Mobile Publishing: Update Januar 2015

Kaum hat das neue Jahr so richtig begonnen, schon zeigt es, dass die Dynamik der digitalen Transformation kaum abnehmen wird. Einige Startups und Digitalfirmen, denen wir Erfolg gewünscht hatten, haben aufgeben müssen. Auf der anderen Seite des Atlantik aber hat die diesjährige Digital Book World viele beachtenswerte Ansätze gezeigt, die wir gespannt verfolgen. Und wie jeden Monat geben wir einen kompakten Überblick über die zentralen Trends und News im digitalen Publizieren:

So entwickelt sich der Markt

App-Store-Trends: Wie immer am Anfang des Jahres gibt es neue Zahlen für die App-Stores und ihre Umsätze. Der US-Analytics-Anbieter App Annie präsentiert dazu seinen App-Store-Report für 2014, den Überblick dazu gibt es bei TechCrunch, die komplette Studie zum kostenlosen Download direkt auf der App Annie-Seite.
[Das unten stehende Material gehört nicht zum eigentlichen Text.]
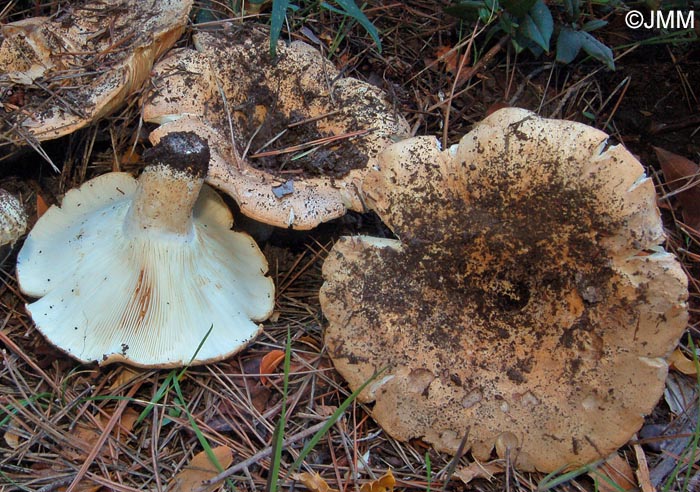 Russula littoralis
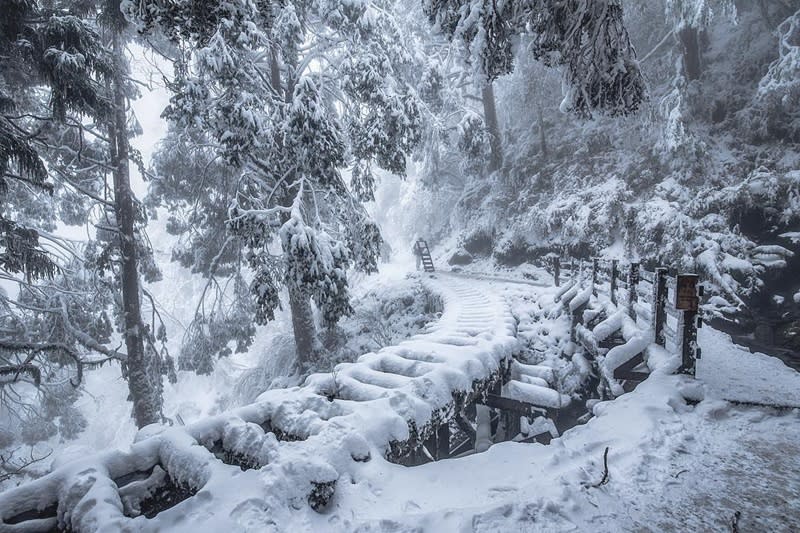 人気定番 俄 小輪 雪小路 - www.bayareaetc.org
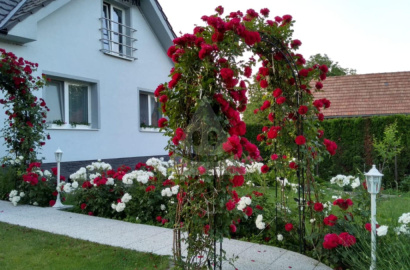 House for sale, Trebostovo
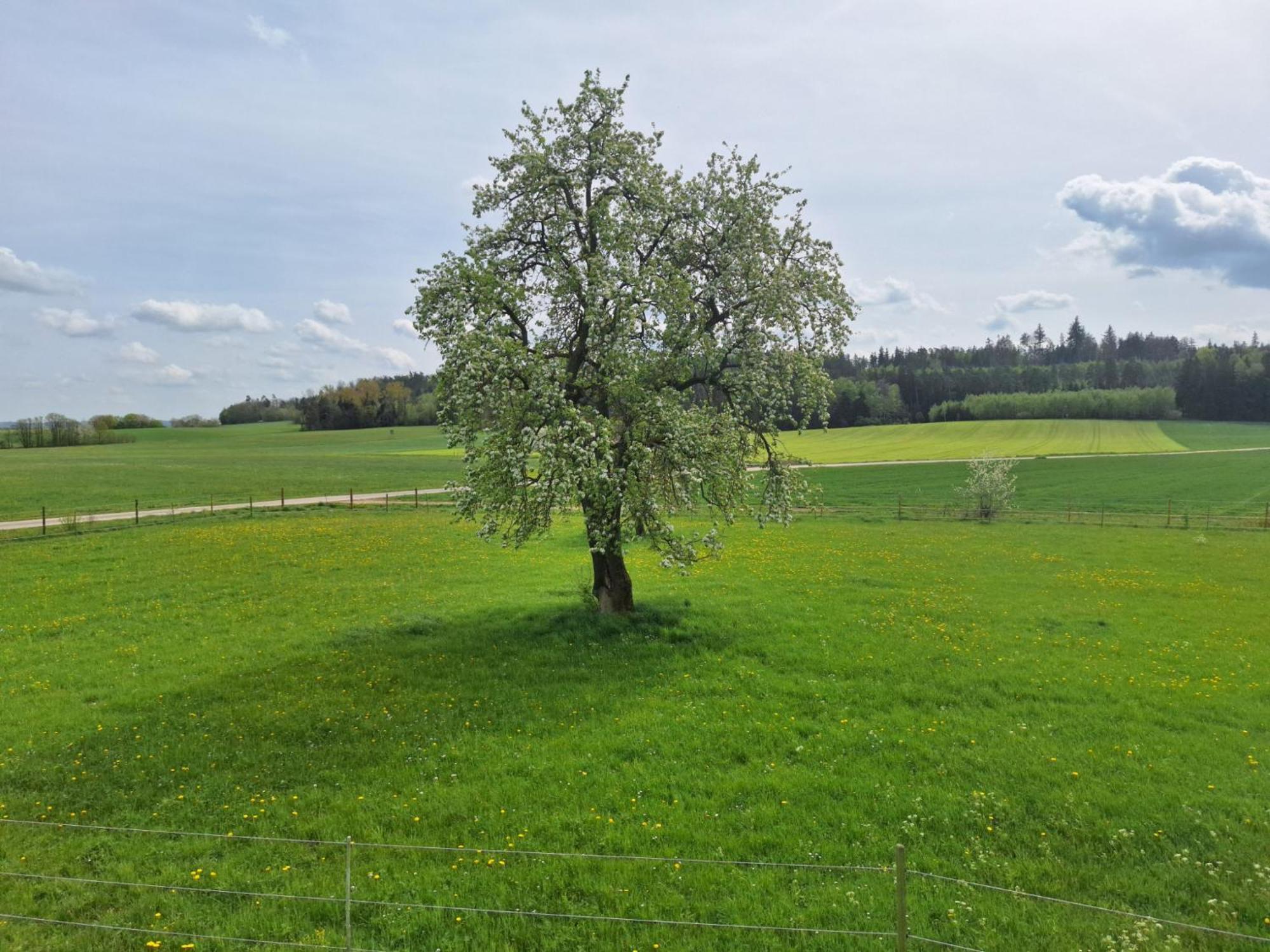Gaestehaus Plath Wettringen  Esterno foto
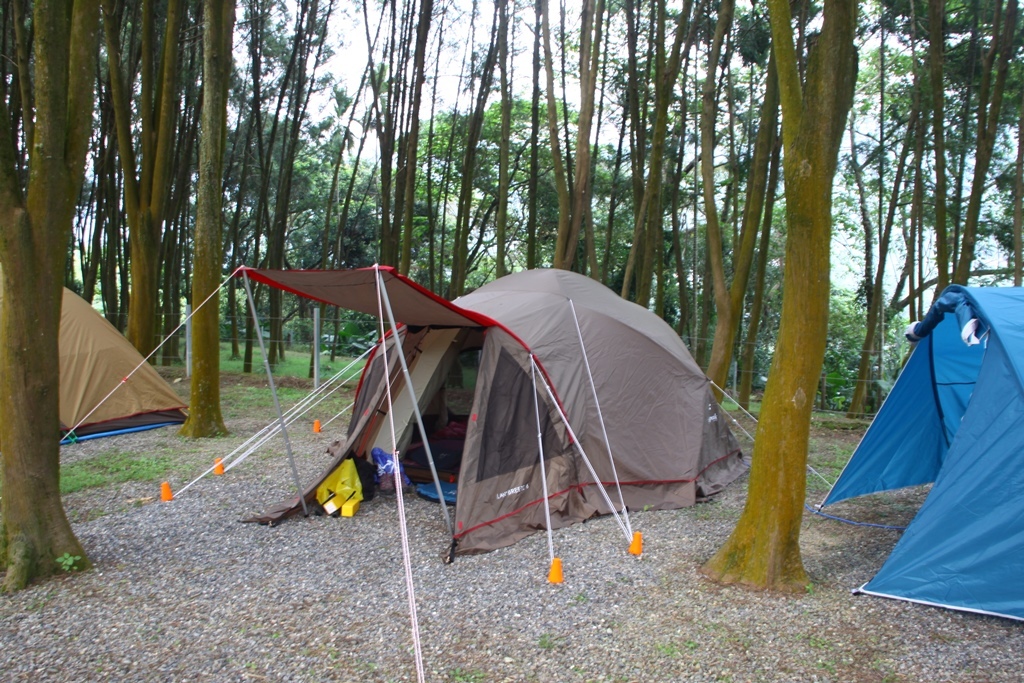 IMG_2653.JPG IMG_2653.JPG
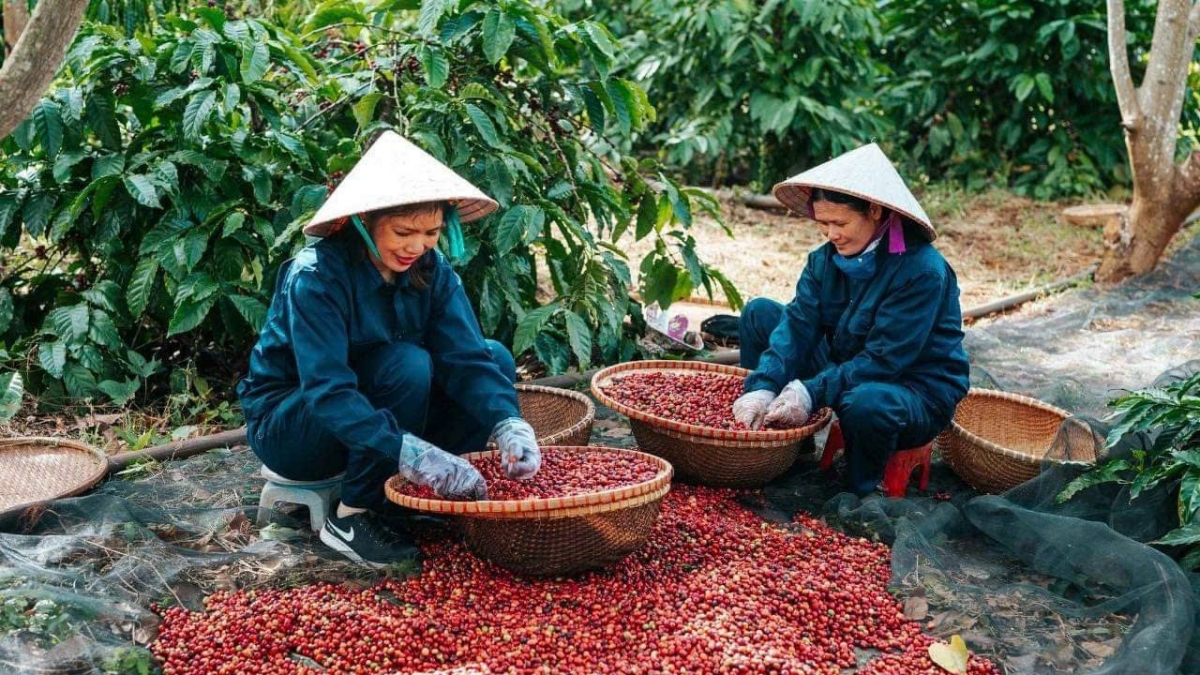 Pêt kơphế krá ton pơhlêh pêi lo liăn ăm kuăn pơlê, mơdêk ivá tơxup kơphế Việt ƀă rak vế hyôh kong prâi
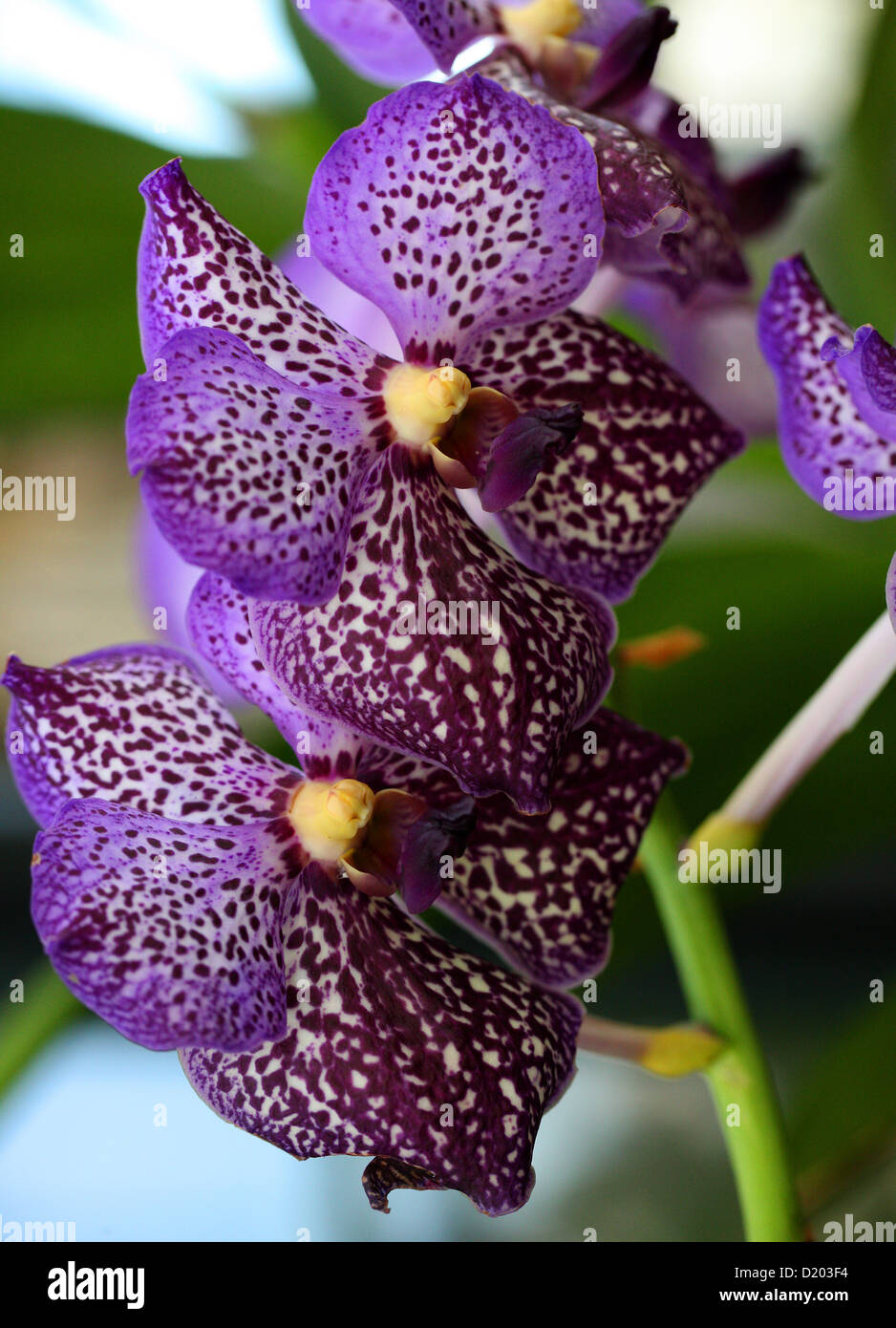 Vanda Hybrid Orchid, Cultivar, Vandeae, Orchidaceae. Stock Photo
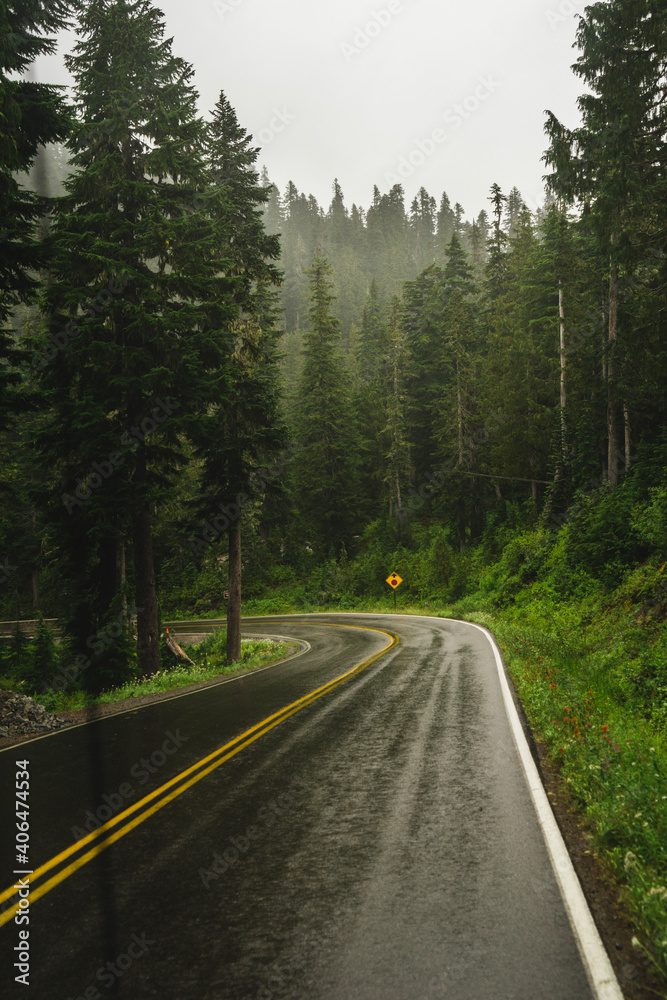 Foggy road in the forests of Oregon 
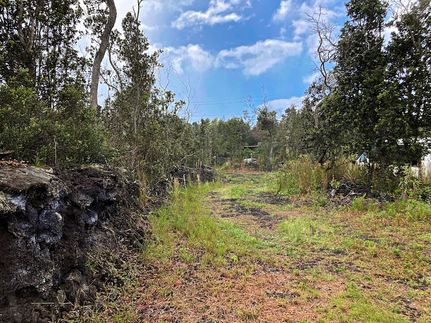 Undeveloped Land for sale in Hawaii County, Hawaii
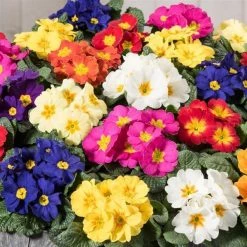 CGASPL Imported Flower Seeds Primula Acaulis Danessa Mix Flower Seeds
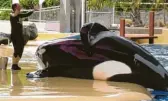  ?? Foto: dpa ?? Die Orca-show im Tierpark Loro Parque ist auch bei Reise- veranstalt­ern umstritten.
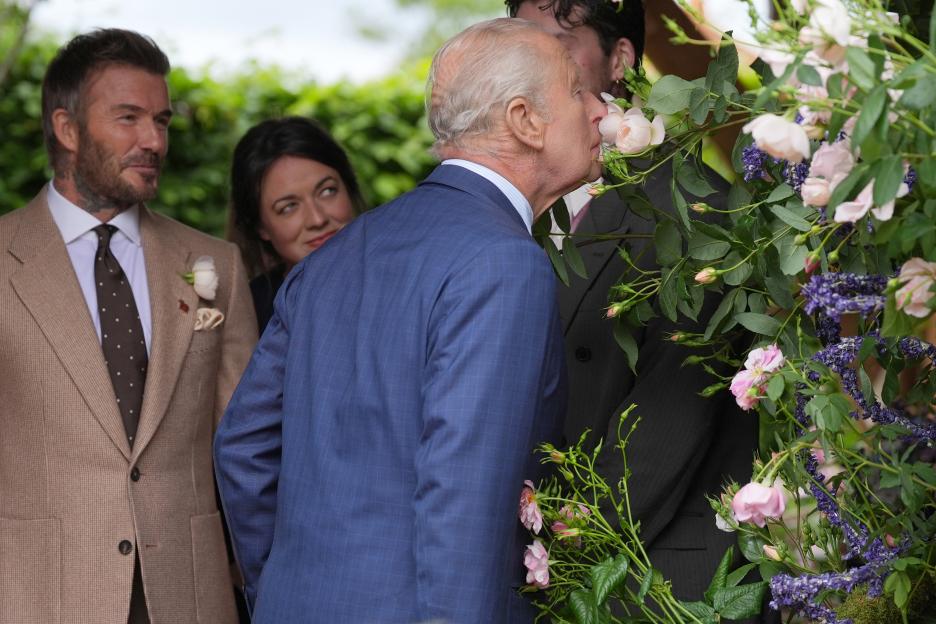 Chelsea Flower Show 2026: Complete Schedule, TV Guide, and Live Streaming Details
AppFigures, ein weiterer Analytics-Anbieter für Apps, zeigt auf seinem Blog, wie der Google Play Store mittlerweile gegenüber dem iOS-App-Store aufgeholt hat, was die Zahl der Apps und der Downloads angeht. Leider schweigt sich AppFigures nur über einen entscheidenden Faktor aus: die dazugehörigen Umsätze…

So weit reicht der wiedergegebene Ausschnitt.